### Records for the task
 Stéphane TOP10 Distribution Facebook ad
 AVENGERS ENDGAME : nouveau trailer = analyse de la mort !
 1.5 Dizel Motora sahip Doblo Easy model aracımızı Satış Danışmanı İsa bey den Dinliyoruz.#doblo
...
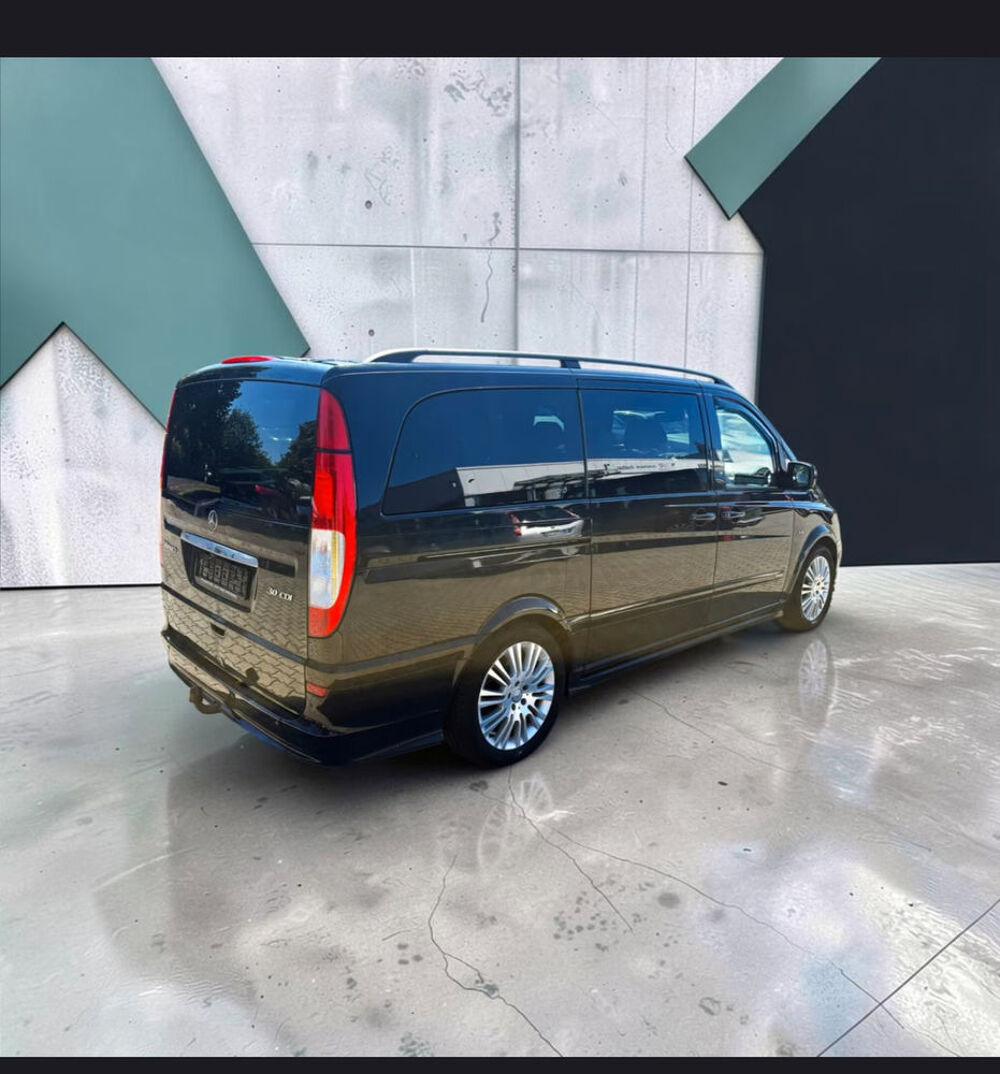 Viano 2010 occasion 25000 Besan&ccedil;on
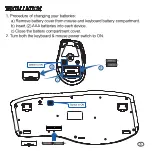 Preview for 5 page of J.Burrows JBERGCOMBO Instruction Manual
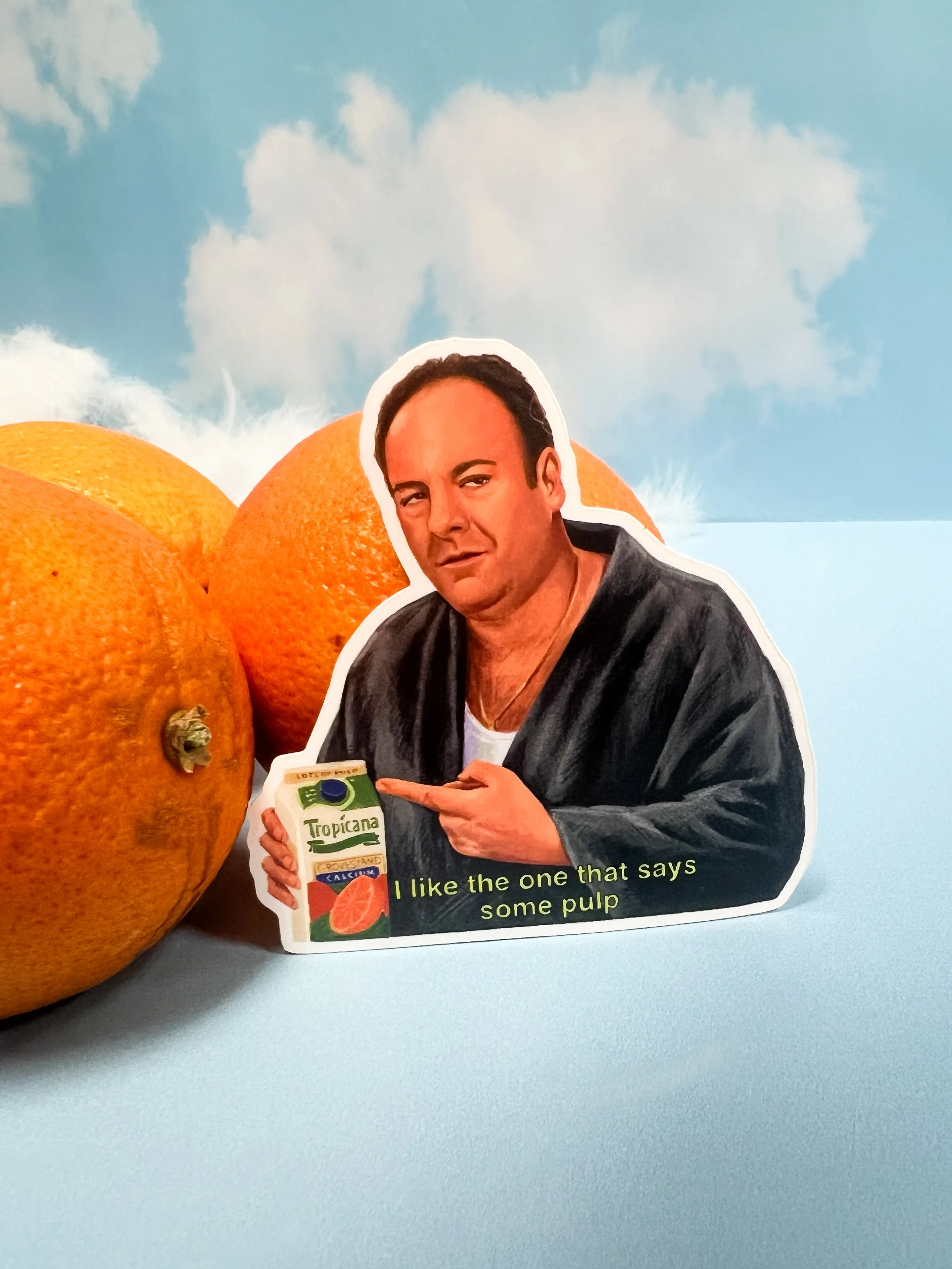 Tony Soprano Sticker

### Problem to work on
Although pictures appear among the entries, please set down only the lines from the one with "Preview for 5" up to and including the one with "Tony Soprano Sticker", word for word.

### Solution to this exercise
 Preview for 5 page of J.Burrows JBERGCOMBO Instruction Manual
 Tony Soprano Sticker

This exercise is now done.